What to do> Transcribe only the part of the material below that begins at the line containing "(wheel Settings) - YouTube" and ends at the line containing "Chủ tịch Quốc", with both kept and images left out.

Dataset>
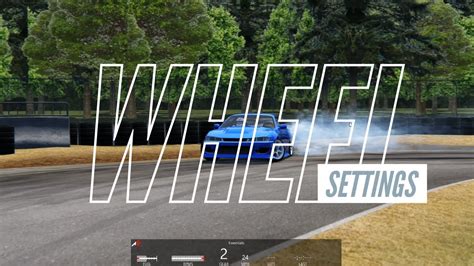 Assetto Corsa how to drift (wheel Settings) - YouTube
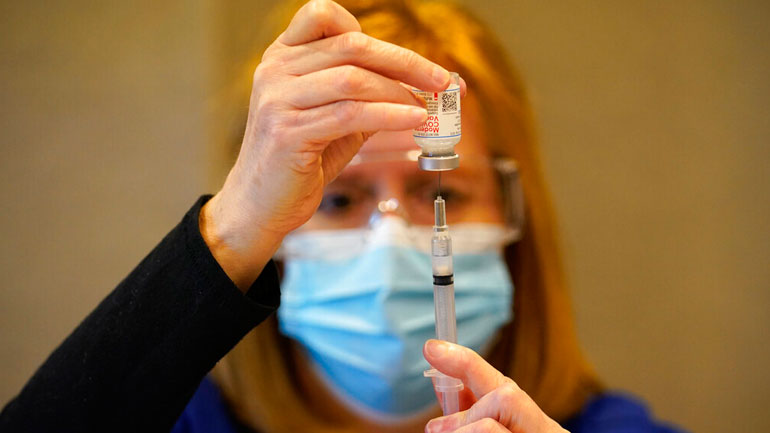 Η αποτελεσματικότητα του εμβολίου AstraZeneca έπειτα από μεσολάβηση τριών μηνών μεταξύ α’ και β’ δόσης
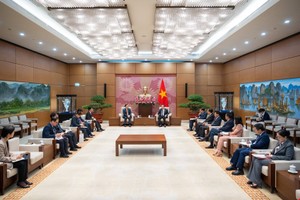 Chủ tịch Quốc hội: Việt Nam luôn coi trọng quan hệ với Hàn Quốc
--
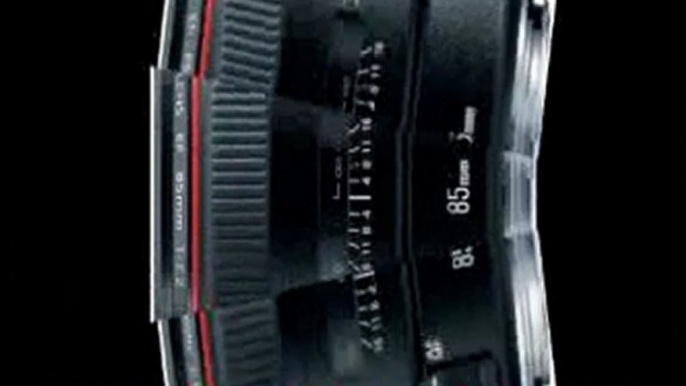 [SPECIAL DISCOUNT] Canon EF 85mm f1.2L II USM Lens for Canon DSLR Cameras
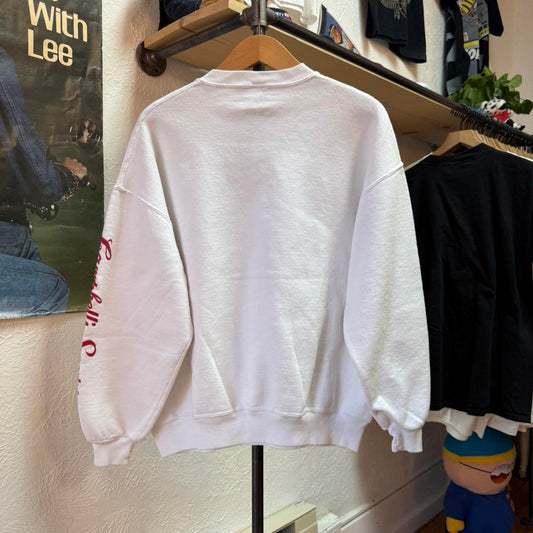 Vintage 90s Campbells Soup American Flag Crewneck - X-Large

Answer box>
 Assetto Corsa how to drift (wheel Settings) - YouTube
 Η αποτελεσματικότητα του εμβολίου AstraZeneca έπειτα από μεσολάβηση τριών μηνών μεταξύ α’ και β’ δόσης
 Chủ tịch Quốc hội: Việt Nam luôn coi trọng quan hệ với Hàn Quốc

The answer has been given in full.